AIM OF THE EXERCISE: Would you please output, word for word, the span of the listing below that opens on the line containing "T3 Framework mobile classes" and closes on the line containing "Bissell Crosswave Hydrosteam"? Include both ends and nothing more.

### EXERCISE INPUT ###

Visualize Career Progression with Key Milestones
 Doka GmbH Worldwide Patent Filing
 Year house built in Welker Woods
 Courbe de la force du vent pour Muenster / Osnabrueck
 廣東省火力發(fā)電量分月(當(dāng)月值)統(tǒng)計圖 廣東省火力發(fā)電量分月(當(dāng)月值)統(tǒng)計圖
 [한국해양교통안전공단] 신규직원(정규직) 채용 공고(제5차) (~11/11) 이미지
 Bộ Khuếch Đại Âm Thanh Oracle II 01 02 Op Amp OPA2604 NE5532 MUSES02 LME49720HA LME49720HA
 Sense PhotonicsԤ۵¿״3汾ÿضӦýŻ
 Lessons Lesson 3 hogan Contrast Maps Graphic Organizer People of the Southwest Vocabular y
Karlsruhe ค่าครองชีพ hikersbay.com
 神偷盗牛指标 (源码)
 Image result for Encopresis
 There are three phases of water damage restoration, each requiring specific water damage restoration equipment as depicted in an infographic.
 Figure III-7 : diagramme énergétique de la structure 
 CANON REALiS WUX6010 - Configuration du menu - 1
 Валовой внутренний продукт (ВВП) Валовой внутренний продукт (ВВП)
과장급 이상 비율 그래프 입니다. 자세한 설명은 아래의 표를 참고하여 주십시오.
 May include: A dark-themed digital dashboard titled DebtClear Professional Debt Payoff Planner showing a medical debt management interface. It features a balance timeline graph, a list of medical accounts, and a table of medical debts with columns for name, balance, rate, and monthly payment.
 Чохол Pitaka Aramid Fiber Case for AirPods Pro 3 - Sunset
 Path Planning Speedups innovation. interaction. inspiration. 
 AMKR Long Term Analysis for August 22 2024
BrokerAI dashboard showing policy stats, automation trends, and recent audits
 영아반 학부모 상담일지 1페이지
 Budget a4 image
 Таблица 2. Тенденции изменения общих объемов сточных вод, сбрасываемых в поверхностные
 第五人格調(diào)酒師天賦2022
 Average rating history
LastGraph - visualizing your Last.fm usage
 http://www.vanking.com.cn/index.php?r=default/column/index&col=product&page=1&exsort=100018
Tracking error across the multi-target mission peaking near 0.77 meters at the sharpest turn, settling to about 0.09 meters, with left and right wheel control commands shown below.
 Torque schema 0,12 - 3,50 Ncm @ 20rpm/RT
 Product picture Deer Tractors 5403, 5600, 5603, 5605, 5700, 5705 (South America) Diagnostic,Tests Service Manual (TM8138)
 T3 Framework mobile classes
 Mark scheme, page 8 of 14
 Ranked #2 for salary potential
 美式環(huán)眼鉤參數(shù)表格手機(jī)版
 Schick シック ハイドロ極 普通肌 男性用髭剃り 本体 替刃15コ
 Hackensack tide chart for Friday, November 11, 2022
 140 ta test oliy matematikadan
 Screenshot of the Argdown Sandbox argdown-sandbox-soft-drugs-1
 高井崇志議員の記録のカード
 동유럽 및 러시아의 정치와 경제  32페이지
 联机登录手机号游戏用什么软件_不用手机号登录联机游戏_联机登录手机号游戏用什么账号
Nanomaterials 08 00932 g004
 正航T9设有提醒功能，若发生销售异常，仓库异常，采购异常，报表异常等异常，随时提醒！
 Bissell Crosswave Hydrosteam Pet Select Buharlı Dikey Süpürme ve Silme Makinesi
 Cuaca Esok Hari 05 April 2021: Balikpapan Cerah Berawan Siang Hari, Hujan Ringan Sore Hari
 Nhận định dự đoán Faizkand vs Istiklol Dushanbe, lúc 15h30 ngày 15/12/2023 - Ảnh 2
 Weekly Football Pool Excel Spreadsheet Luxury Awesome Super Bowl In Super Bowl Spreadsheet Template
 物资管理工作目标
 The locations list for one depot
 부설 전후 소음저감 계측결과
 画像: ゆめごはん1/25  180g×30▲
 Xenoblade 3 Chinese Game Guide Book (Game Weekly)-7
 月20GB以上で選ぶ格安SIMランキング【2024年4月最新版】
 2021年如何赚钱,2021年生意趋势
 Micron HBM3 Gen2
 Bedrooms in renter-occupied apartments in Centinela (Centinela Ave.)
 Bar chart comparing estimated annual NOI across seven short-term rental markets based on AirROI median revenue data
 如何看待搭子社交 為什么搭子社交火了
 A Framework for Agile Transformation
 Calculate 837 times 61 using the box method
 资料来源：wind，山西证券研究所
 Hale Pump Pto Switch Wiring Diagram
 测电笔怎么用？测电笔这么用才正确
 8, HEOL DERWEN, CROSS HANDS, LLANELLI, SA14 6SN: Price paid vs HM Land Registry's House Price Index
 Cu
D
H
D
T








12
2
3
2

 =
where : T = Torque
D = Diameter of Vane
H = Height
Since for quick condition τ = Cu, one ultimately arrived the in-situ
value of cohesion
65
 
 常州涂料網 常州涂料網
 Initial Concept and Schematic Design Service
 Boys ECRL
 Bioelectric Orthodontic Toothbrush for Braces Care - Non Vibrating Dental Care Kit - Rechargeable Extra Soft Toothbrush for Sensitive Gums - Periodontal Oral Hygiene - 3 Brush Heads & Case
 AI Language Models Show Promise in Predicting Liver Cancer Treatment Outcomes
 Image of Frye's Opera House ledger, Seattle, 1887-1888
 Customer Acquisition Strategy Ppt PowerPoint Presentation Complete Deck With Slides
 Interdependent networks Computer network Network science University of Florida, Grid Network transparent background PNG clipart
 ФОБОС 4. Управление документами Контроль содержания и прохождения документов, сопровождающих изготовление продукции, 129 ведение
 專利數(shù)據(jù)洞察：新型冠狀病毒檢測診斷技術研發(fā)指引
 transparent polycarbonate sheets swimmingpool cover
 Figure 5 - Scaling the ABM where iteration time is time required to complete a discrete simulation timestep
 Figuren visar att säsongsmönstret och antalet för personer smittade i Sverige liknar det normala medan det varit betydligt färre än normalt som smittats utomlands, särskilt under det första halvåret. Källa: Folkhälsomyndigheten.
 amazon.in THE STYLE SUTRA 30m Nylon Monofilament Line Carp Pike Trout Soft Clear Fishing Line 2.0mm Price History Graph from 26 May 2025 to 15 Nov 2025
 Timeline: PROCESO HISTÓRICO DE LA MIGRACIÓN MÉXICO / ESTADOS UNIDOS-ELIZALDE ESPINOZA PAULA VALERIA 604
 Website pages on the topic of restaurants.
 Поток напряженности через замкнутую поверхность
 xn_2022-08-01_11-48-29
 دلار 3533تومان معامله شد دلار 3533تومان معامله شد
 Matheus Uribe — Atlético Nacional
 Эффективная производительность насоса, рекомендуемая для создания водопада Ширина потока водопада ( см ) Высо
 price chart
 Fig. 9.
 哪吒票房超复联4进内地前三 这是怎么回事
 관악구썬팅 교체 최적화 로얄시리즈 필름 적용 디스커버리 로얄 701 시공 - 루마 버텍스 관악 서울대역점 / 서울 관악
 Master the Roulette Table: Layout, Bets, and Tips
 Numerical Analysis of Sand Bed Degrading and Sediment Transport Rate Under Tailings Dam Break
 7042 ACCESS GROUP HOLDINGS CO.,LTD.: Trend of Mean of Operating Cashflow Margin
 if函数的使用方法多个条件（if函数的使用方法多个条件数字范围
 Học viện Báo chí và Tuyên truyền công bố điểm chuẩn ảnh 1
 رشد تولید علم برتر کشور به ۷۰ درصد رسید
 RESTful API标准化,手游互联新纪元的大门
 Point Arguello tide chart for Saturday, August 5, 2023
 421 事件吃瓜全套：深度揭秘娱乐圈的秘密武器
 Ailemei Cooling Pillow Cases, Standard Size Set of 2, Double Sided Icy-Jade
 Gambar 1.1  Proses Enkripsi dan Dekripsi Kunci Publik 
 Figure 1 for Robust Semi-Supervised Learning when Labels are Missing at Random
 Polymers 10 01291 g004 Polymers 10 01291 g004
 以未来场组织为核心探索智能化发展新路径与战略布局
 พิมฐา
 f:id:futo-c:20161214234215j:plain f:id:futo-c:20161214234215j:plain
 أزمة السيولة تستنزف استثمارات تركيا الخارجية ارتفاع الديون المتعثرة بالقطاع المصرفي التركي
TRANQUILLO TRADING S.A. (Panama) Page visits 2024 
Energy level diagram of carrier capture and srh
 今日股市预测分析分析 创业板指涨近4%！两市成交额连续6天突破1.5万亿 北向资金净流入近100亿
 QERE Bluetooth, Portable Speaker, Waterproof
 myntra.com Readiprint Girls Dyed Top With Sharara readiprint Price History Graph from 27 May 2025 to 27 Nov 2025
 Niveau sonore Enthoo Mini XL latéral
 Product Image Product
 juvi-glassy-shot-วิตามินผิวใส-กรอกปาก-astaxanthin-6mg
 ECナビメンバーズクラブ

###

RESPONSE AREA:
 T3 Framework mobile classes
 Mark scheme, page 8 of 14
 Ranked #2 for salary potential
 美式環(huán)眼鉤參數(shù)表格手機(jī)版
 Schick シック ハイドロ極 普通肌 男性用髭剃り 本体 替刃15コ
 Hackensack tide chart for Friday, November 11, 2022
 140 ta test oliy matematikadan
 Screenshot of the Argdown Sandbox argdown-sandbox-soft-drugs-1
 高井崇志議員の記録のカード
 동유럽 및 러시아의 정치와 경제  32페이지
 联机登录手机号游戏用什么软件_不用手机号登录联机游戏_联机登录手机号游戏用什么账号
Nanomaterials 08 00932 g004
 正航T9设有提醒功能，若发生销售异常，仓库异常，采购异常，报表异常等异常，随时提醒！
 Bissell Crosswave Hydrosteam Pet Select Buharlı Dikey Süpürme ve Silme Makinesi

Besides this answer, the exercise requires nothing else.